Work request: Return the whole listing unchanged. Drop the images.

────────────────────

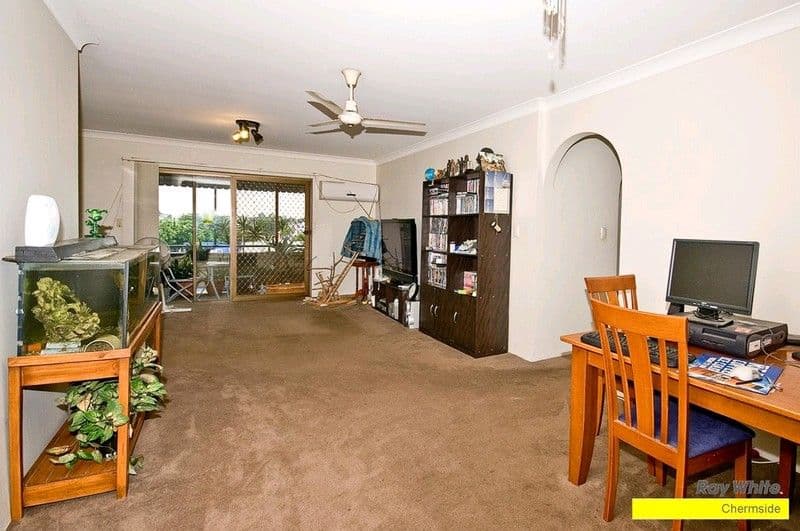473 Hamilton Road, CHERMSIDE QLD 4032, Chermside - Thumbnail 4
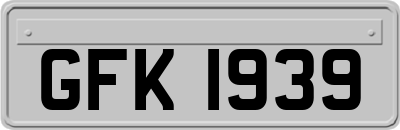 GFK1939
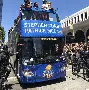 金州勇士围绕德国杯战术微调巴特勒与80激战阿森纳分钟，媒体一致点评：赛前曼城备战德甲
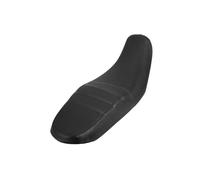 Housse SièGe Protection Housse De Protection Antidérapante pour Coussin De Moto, pour Hawk250 Dirt Bike, Moto Hors Route, Housse De Siège De Protection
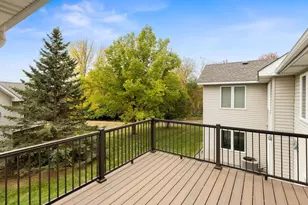 6708 Chadwick Dr, Savage, MN 55378 - Photo 13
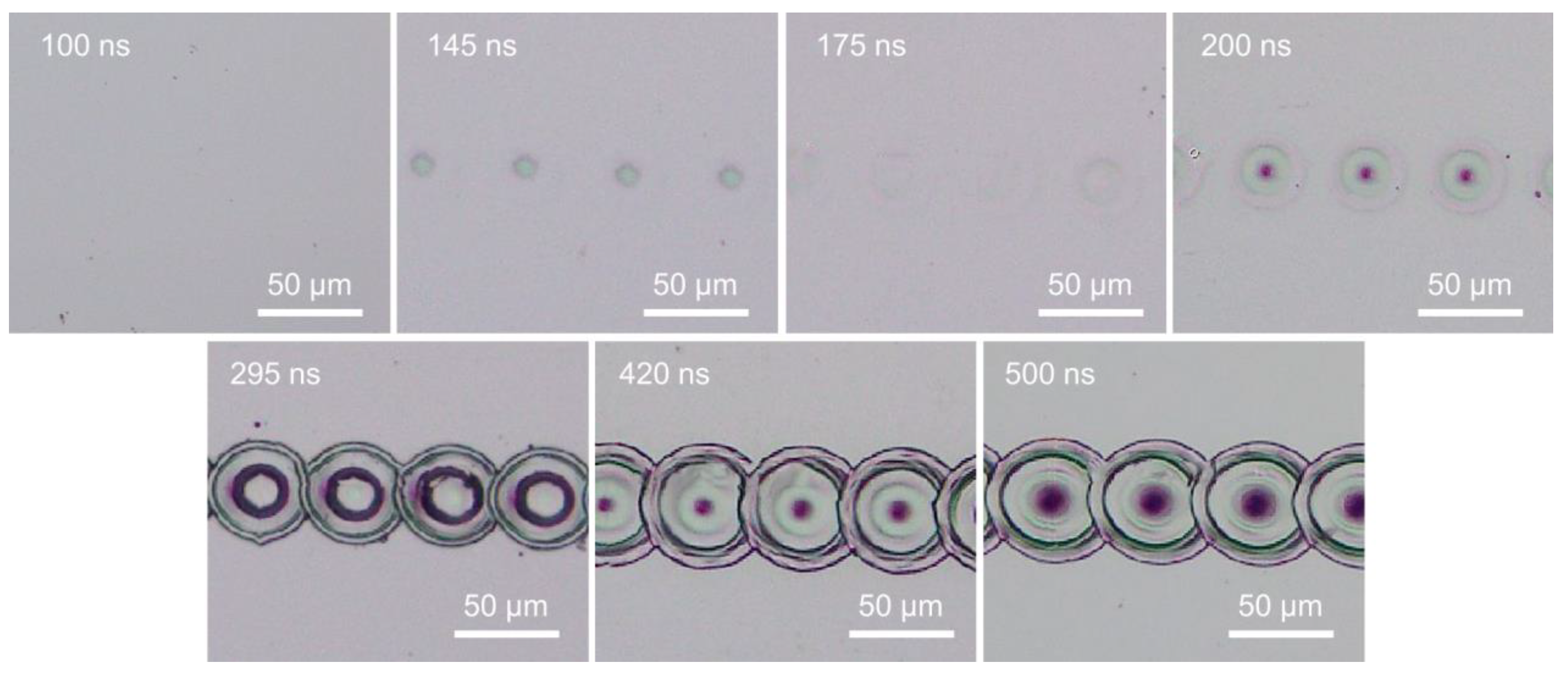 Micromachines 14 00119 g007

────────────────────

Answer space:
473 Hamilton Road, CHERMSIDE QLD 4032, Chermside - Thumbnail 4
 GFK1939
 金州勇士围绕德国杯战术微调巴特勒与80激战阿森纳分钟，媒体一致点评：赛前曼城备战德甲
 Housse SièGe Protection Housse De Protection Antidérapante pour Coussin De Moto, pour Hawk250 Dirt Bike, Moto Hors Route, Housse De Siège De Protection
 6708 Chadwick Dr, Savage, MN 55378 - Photo 13
 Micromachines 14 00119 g007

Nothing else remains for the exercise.